Top of Supplied material

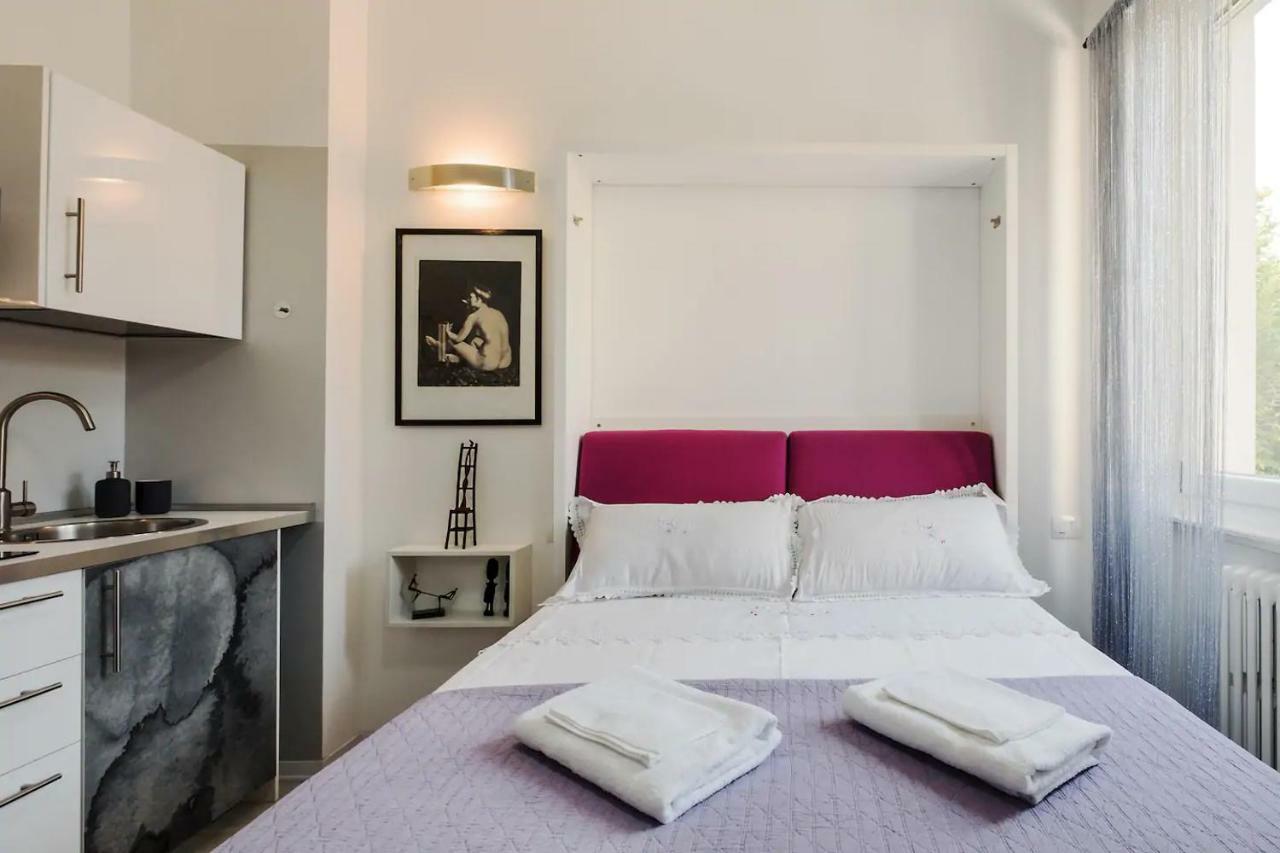 Apartment ℒovely & ℰlegant Next To Duomo/missori *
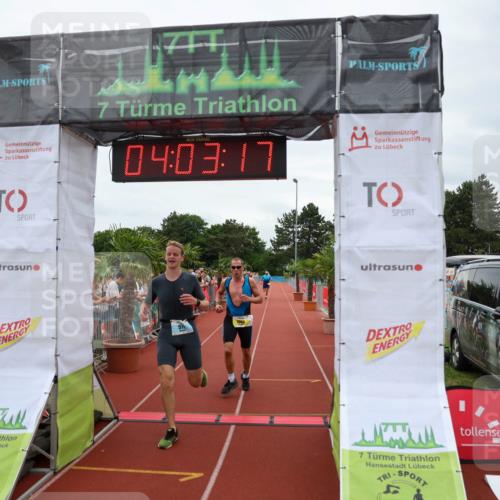 15.06.2025 - 7 Türme Triathlon Michael Strokosch http://msf.ph/oto/7973049 15.06.2025 14:03:17 Ziel 366, 571, 709, 1060, 1088 meine-sportfotos.de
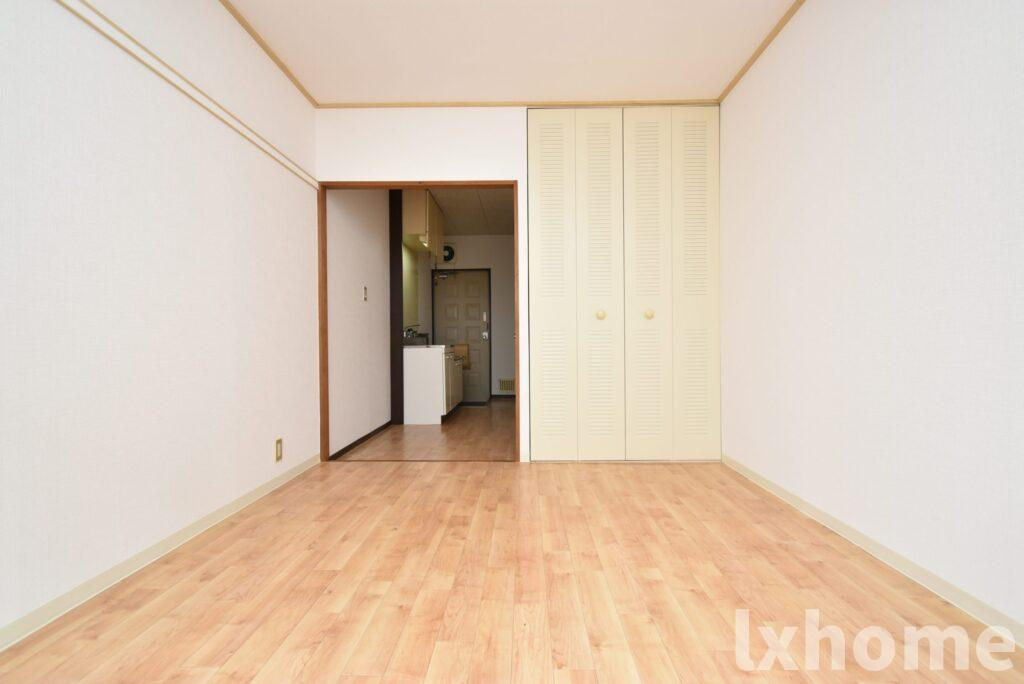 シャロームＢの居間・リビング|こちらのリビングで趣味の時間をお楽しみください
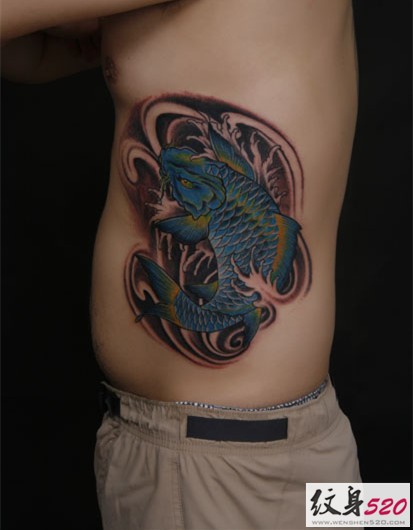 时尚个性的腰腹部鲤鱼纹身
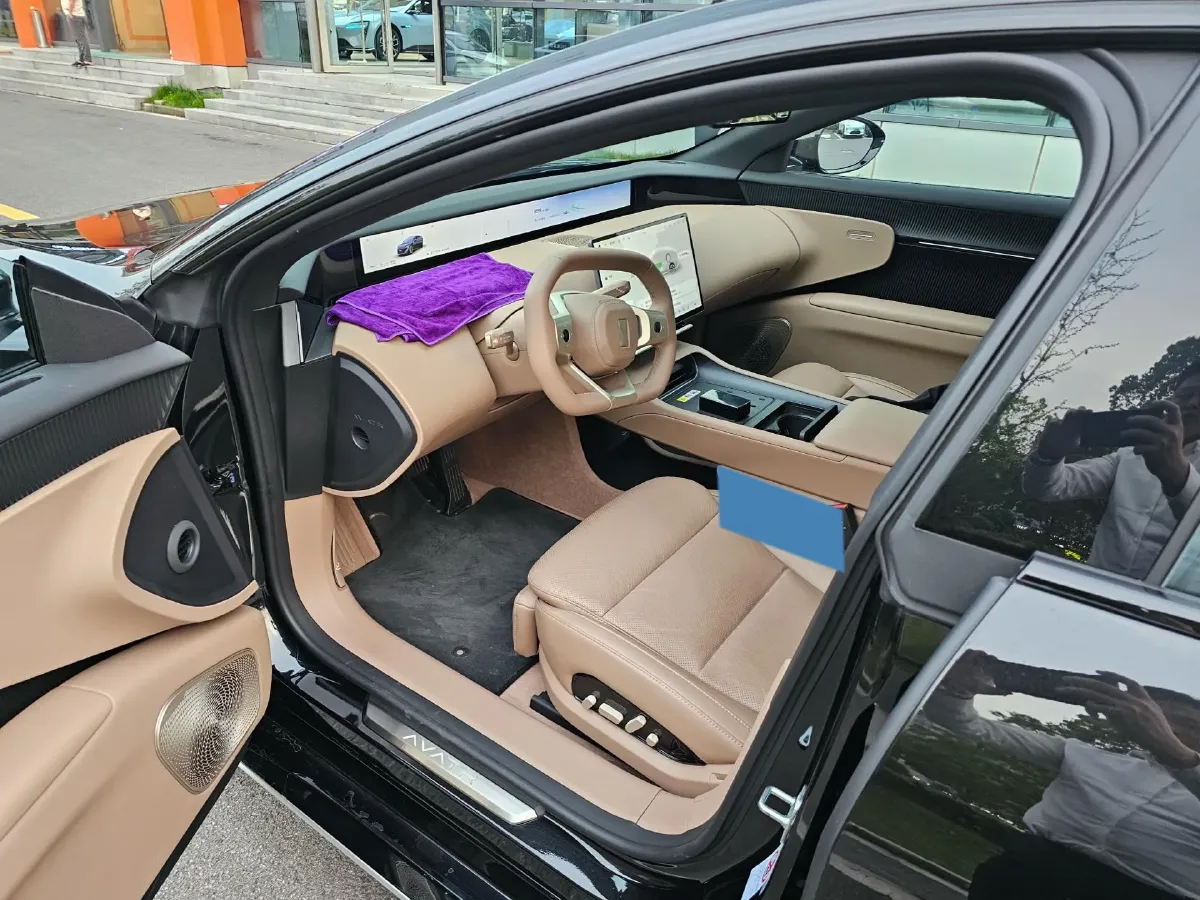 2025 Avatr 12 BEV,autocango,china used car exporter,china ev exporter,chinese used car exporter,chinese used ev exporter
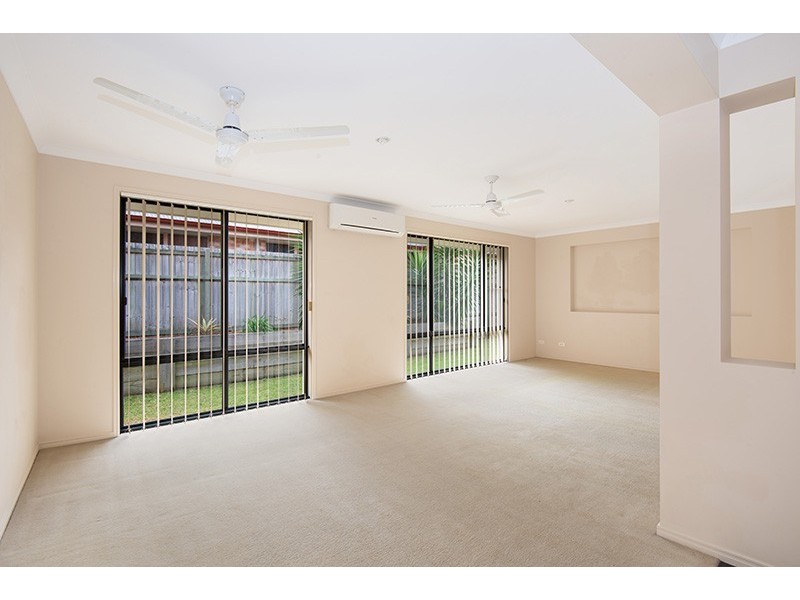 6 Pearson Court, North Lakes QLD 4509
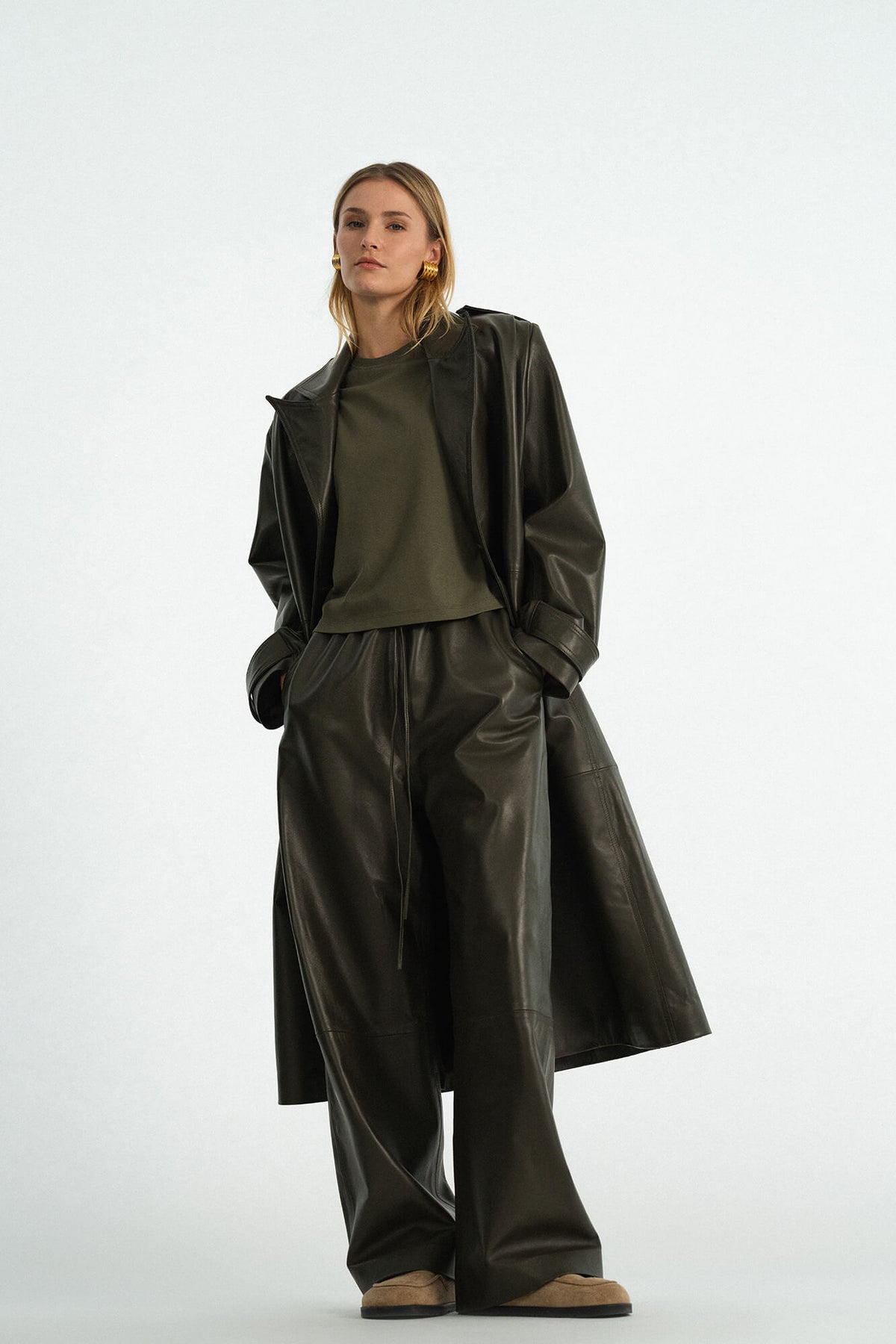 Lederhose Laja in Oliv von vorne by VIVAL.STUDIO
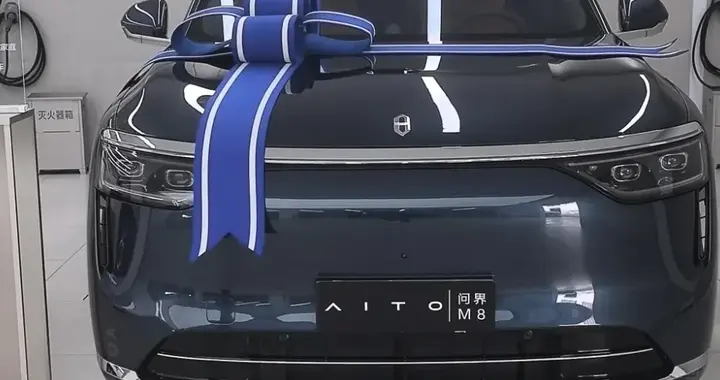 问界M8智驾的七宗“惑”：一个月深度体验，这些痛点建议优化！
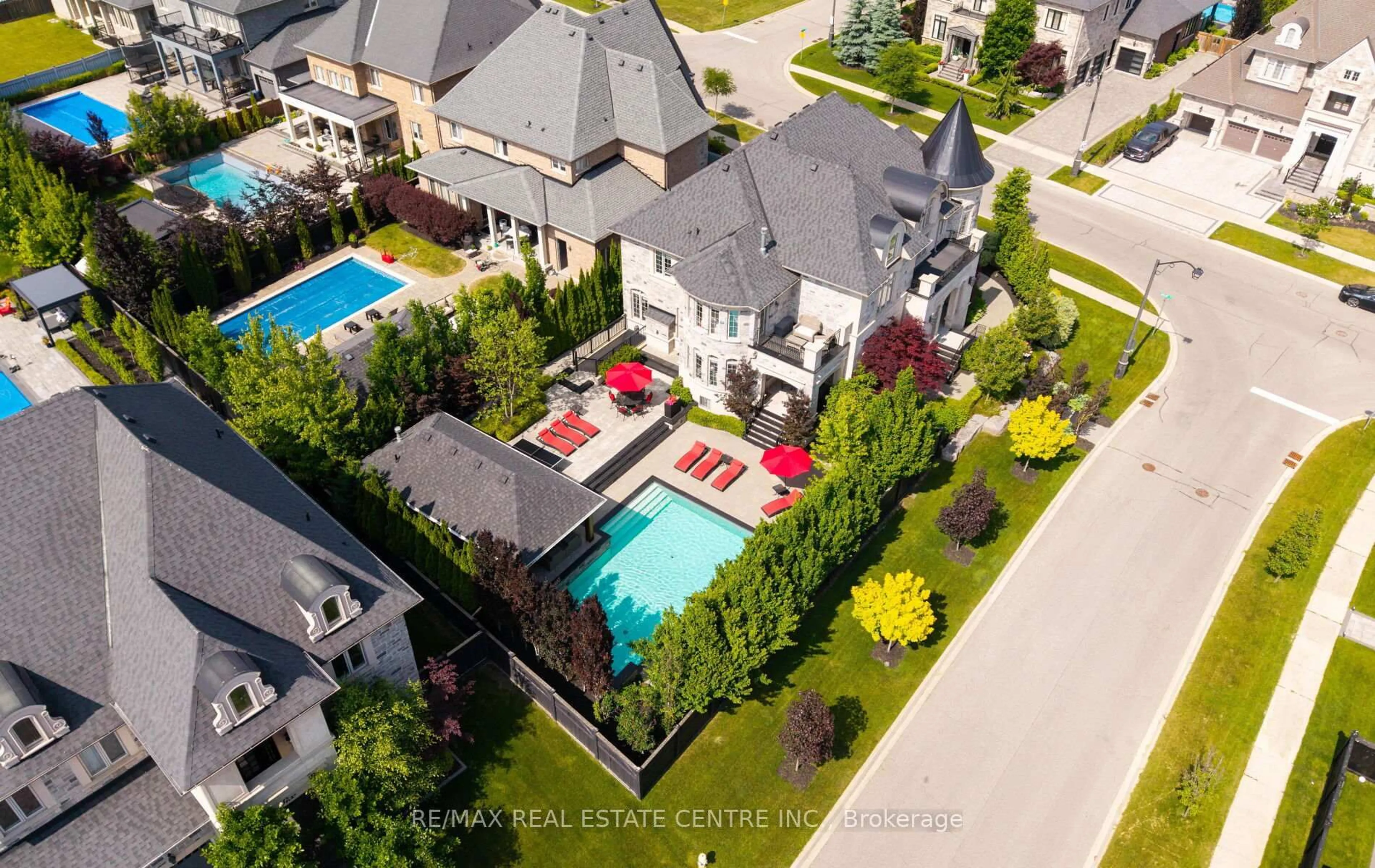 A pic from outside/outdoor area/front of a property/back of a property/a pic from drone, street for 60 Skyline Tr, King Ontario L7B 1N2
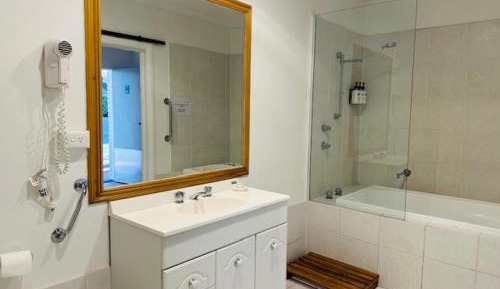King Room with No View - Larger Room - Non Smoking/Ground floor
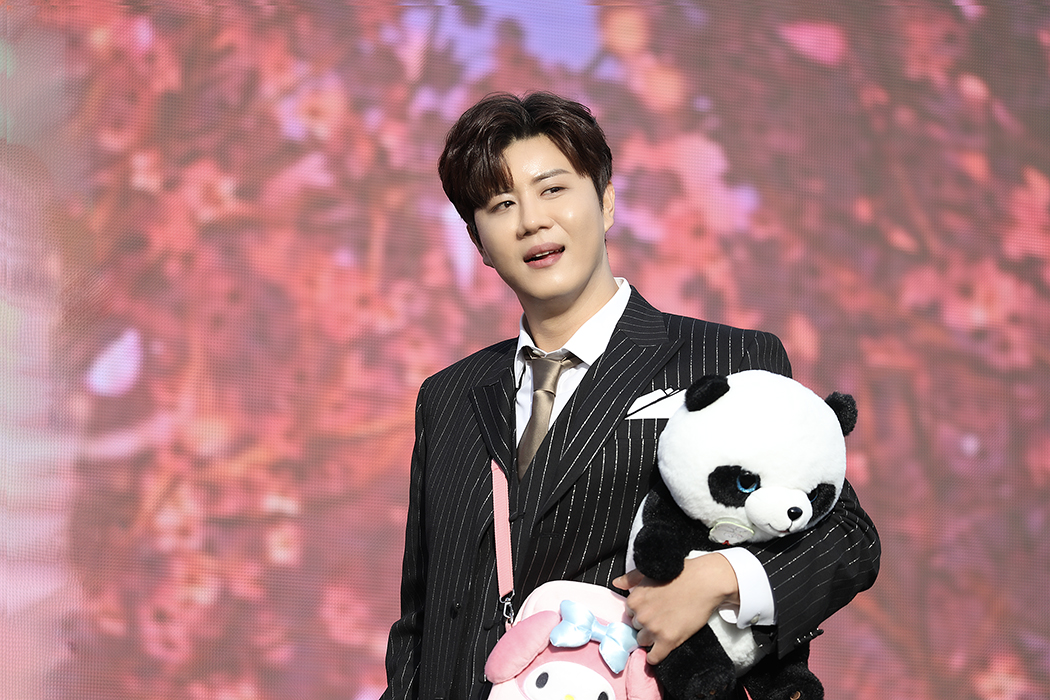 Behind-the-scenes cut of Jin Haesung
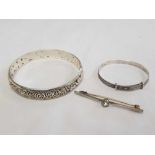 CHILD'S SILVER BRACELET & 1 OTHER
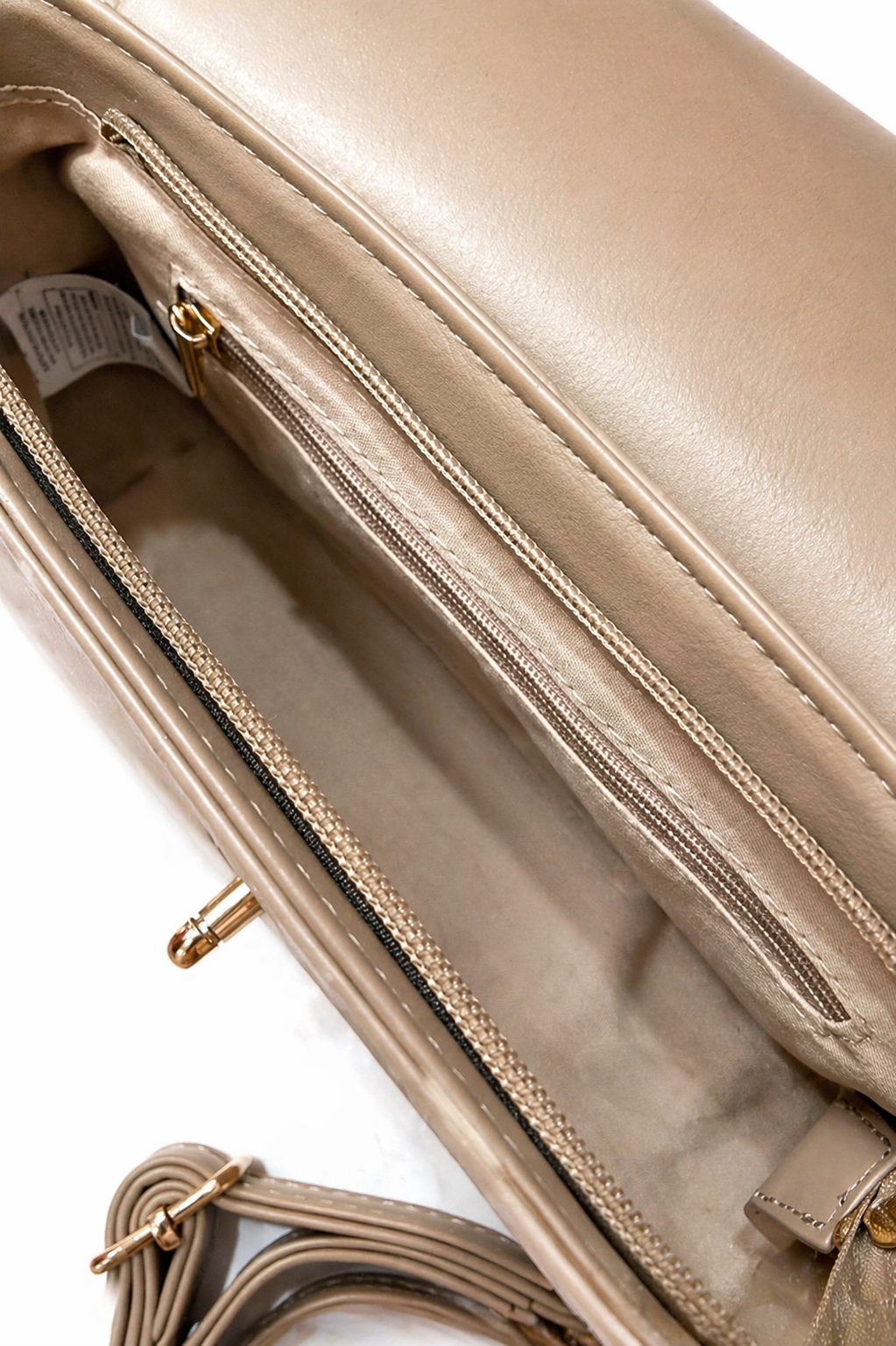 Bolso con Hebilla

Bottom of Supplied material

Action item => Omit each image and transcribe the remaining records word for word.

Task output =>
 Apartment ℒovely & ℰlegant Next To Duomo/missori *
 15.06.2025 - 7 Türme Triathlon Michael Strokosch http://msf.ph/oto/7973049 15.06.2025 14:03:17 Ziel 366, 571, 709, 1060, 1088 meine-sportfotos.de
 シャロームＢの居間・リビング|こちらのリビングで趣味の時間をお楽しみください
 时尚个性的腰腹部鲤鱼纹身
 2025 Avatr 12 BEV,autocango,china used car exporter,china ev exporter,chinese used car exporter,chinese used ev exporter
 6 Pearson Court, North Lakes QLD 4509
 Lederhose Laja in Oliv von vorne by VIVAL.STUDIO
 问界M8智驾的七宗“惑”：一个月深度体验，这些痛点建议优化！
 A pic from outside/outdoor area/front of a property/back of a property/a pic from drone, street for 60 Skyline Tr, King Ontario L7B 1N2
King Room with No View - Larger Room - Non Smoking/Ground floor
 Behind-the-scenes cut of Jin Haesung
 CHILD'S SILVER BRACELET & 1 OTHER
 Bolso con Hebilla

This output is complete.